#### Task directions
Return the following from the records below: each line, word for word, starting with the line that contains "#LTKFindsUnder50 #LTKTravel #LTKGiftGuide" and going on through the line that contains "Volvo XC40 — фото 1", with nothing outside that range.

#### Exercise inputs
=== Begin Enclosure ===

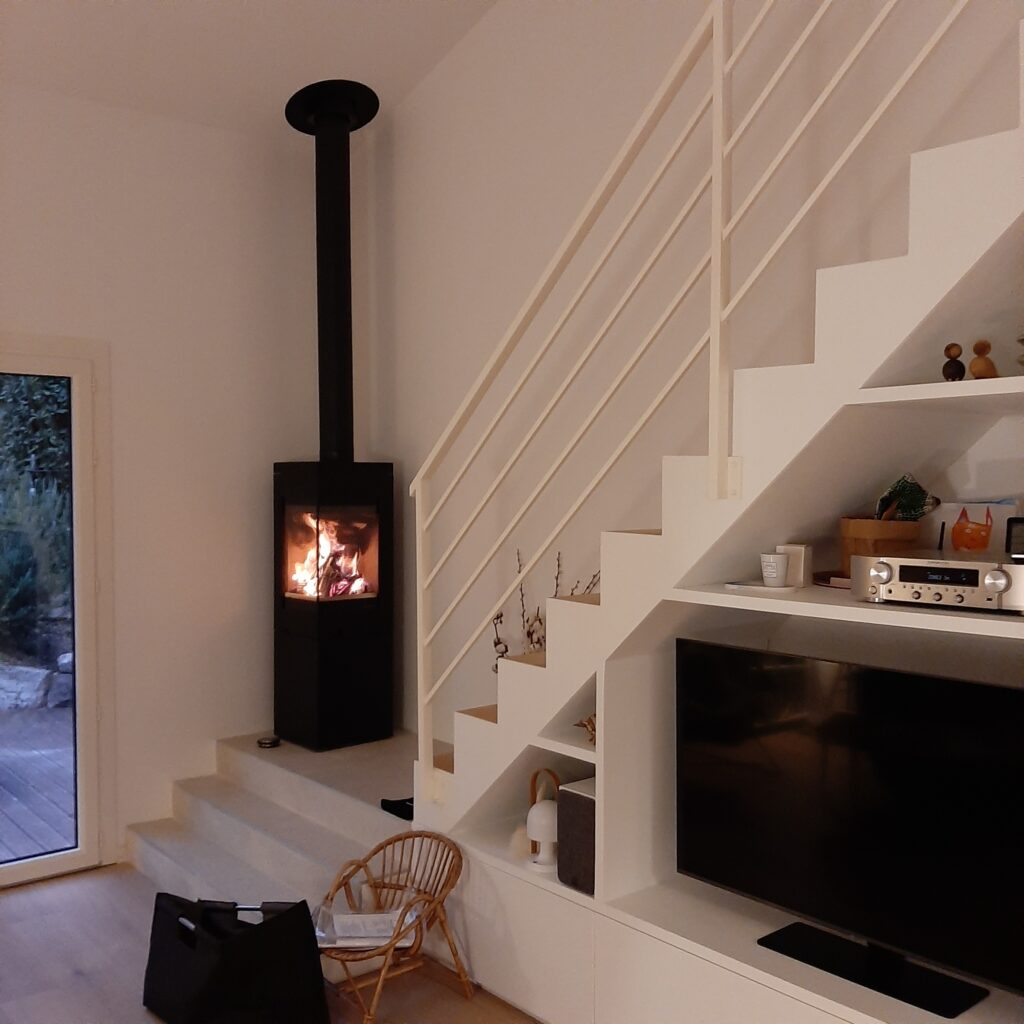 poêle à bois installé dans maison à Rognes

=== End Enclosure ===
=== Begin Enclosure ===

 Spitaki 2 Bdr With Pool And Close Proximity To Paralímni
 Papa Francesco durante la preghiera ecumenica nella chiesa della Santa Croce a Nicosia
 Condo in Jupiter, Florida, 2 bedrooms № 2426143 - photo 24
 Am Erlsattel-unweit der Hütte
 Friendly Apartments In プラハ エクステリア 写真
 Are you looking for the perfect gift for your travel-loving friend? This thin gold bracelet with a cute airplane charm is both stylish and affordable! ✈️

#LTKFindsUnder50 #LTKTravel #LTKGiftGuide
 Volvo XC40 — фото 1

=== End Enclosure ===

#### Solution
#LTKFindsUnder50 #LTKTravel #LTKGiftGuide
 Volvo XC40 — фото 1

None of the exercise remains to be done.